**Material for the task**
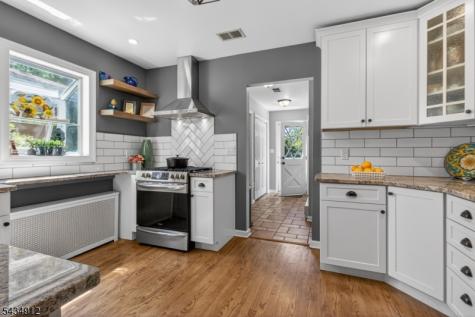 70 Berkley Avenue Woodbridge NJ 07067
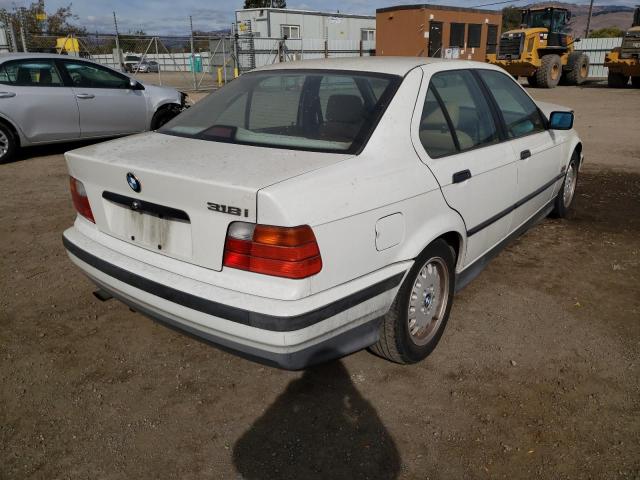 4USCC7323SLA00986 - 1995 BMW 318 I WHITE photo 4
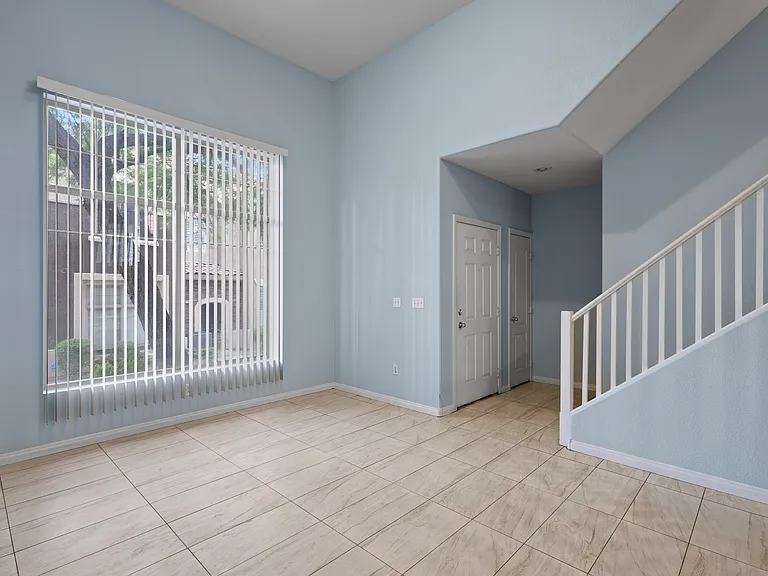2764 Fountain Vista Ln — Photo 4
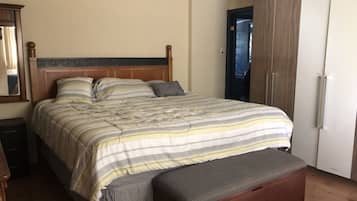 1 habitación, tabla de planchar con plancha, wifi y ropa de cama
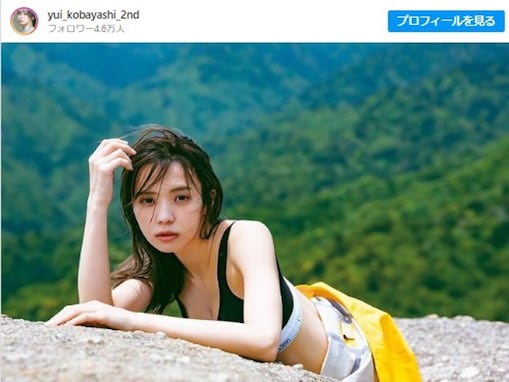 櫻坂46・小林由依、谷間ちらり＆美くびれの色気全開ショット公開！ 「かっこエロい」「お美しい」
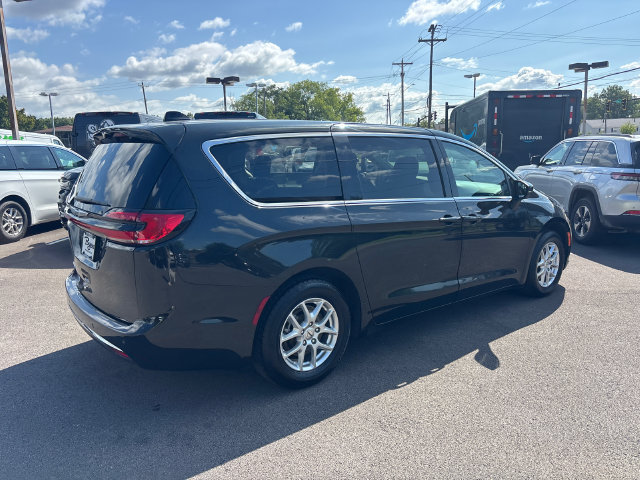 Used 2023 Chrysler Pacifica Touring-L FWD image 29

**Directions for this task**
An exact copy of every entry above is needed, with the pictures left out.

**Answer for this exercise**
 70 Berkley Avenue Woodbridge NJ 07067
 4USCC7323SLA00986 - 1995 BMW 318 I WHITE photo 4
2764 Fountain Vista Ln — Photo 4
 1 habitación, tabla de planchar con plancha, wifi y ropa de cama
 櫻坂46・小林由依、谷間ちらり＆美くびれの色気全開ショット公開！ 「かっこエロい」「お美しい」
 Used 2023 Chrysler Pacifica Touring-L FWD image 29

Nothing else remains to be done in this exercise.